TASK REQUIREMENTS:
Repeat the listing below line by line, exactly, leaving its pictures behind.
BEGIN RECORDED INFORMATION
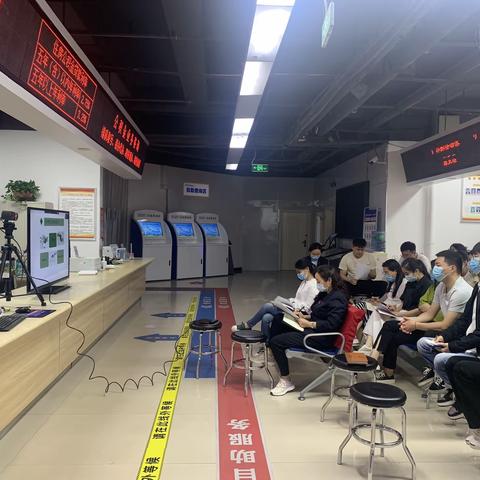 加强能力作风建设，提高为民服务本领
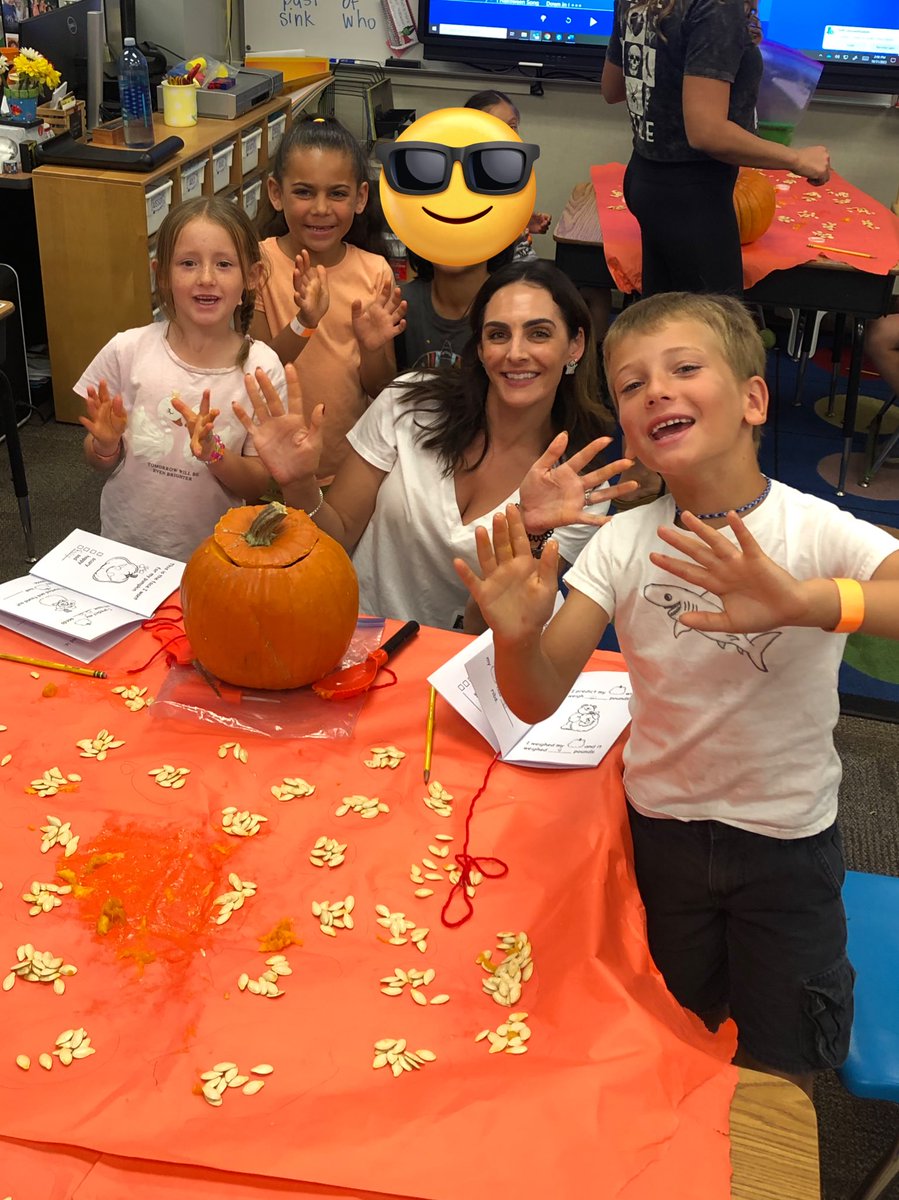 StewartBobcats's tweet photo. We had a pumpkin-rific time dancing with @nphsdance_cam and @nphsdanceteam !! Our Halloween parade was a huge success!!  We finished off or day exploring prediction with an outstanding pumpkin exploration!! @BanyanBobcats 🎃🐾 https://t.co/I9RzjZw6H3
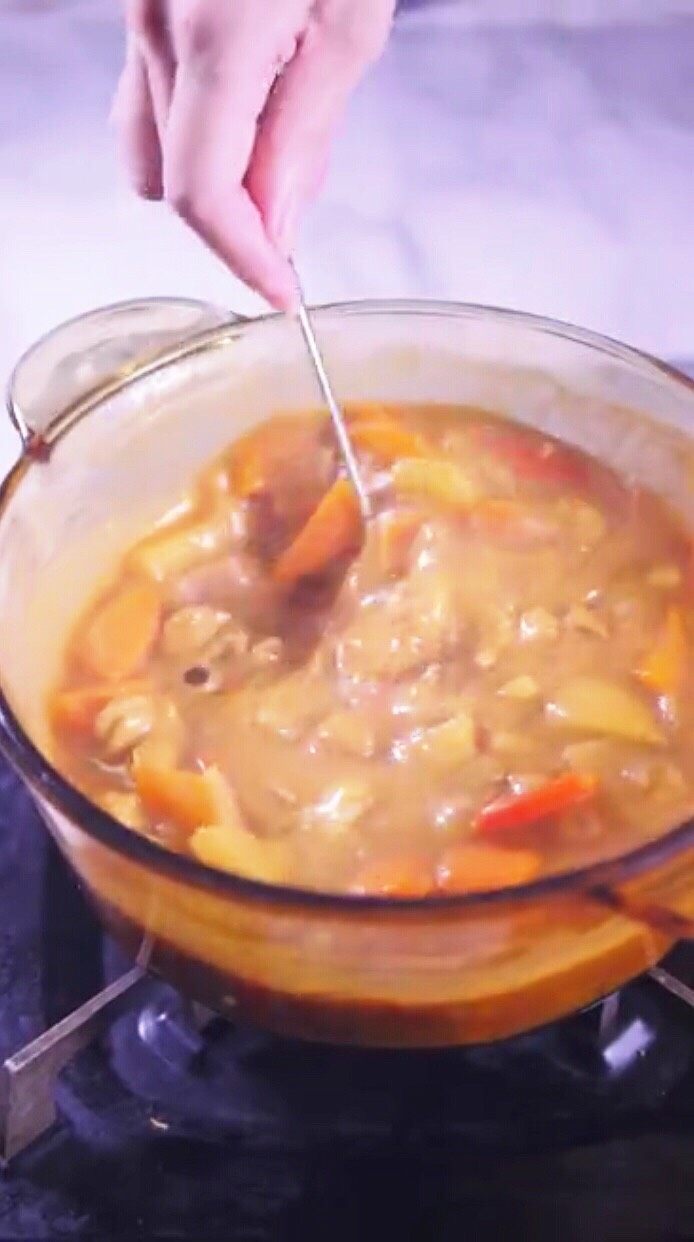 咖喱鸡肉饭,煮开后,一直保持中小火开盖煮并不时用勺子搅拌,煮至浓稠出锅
END RECORDED INFORMATION
RESULT BELOW:
 加强能力作风建设，提高为民服务本领
 StewartBobcats's tweet photo. We had a pumpkin-rific time dancing with @nphsdance_cam and @nphsdanceteam !! Our Halloween parade was a huge success!!  We finished off or day exploring prediction with an outstanding pumpkin exploration!! @BanyanBobcats 🎃🐾 https://t.co/I9RzjZw6H3
 咖喱鸡肉饭,煮开后,一直保持中小火开盖煮并不时用勺子搅拌,煮至浓稠出锅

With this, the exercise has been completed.